Work request. Each line starting at the one that contains "Half sleeve koi tattoo" and ending at the one that contains "A compact hotel" must be returned exactly, and the rest of the listing is left out.

Records for this exercise.

#####

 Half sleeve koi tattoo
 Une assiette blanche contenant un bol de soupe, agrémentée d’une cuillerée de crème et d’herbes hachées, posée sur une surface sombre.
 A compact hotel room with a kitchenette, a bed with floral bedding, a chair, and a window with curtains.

#####

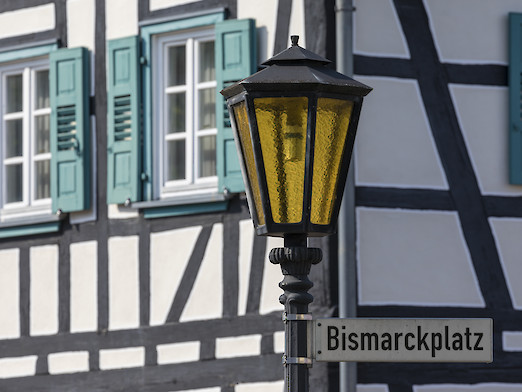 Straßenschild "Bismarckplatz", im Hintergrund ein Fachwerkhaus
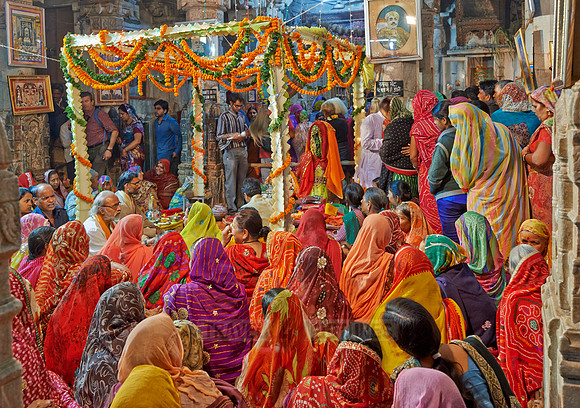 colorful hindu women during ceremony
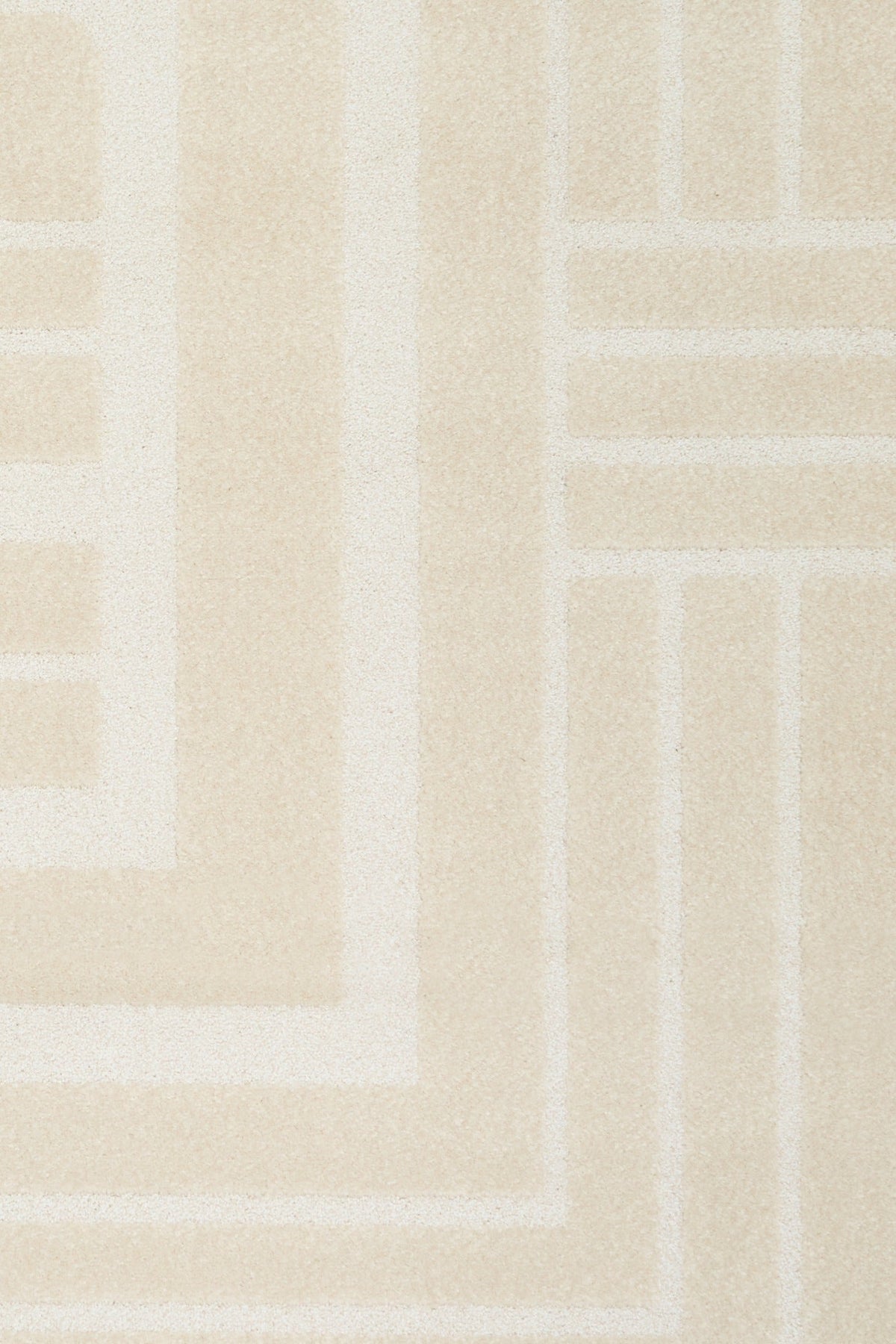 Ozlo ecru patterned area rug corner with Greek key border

#####

Response for this exercise.
 Half sleeve koi tattoo
 Une assiette blanche contenant un bol de soupe, agrémentée d’une cuillerée de crème et d’herbes hachées, posée sur une surface sombre.
 A compact hotel room with a kitchenette, a bed with floral bedding, a chair, and a window with curtains.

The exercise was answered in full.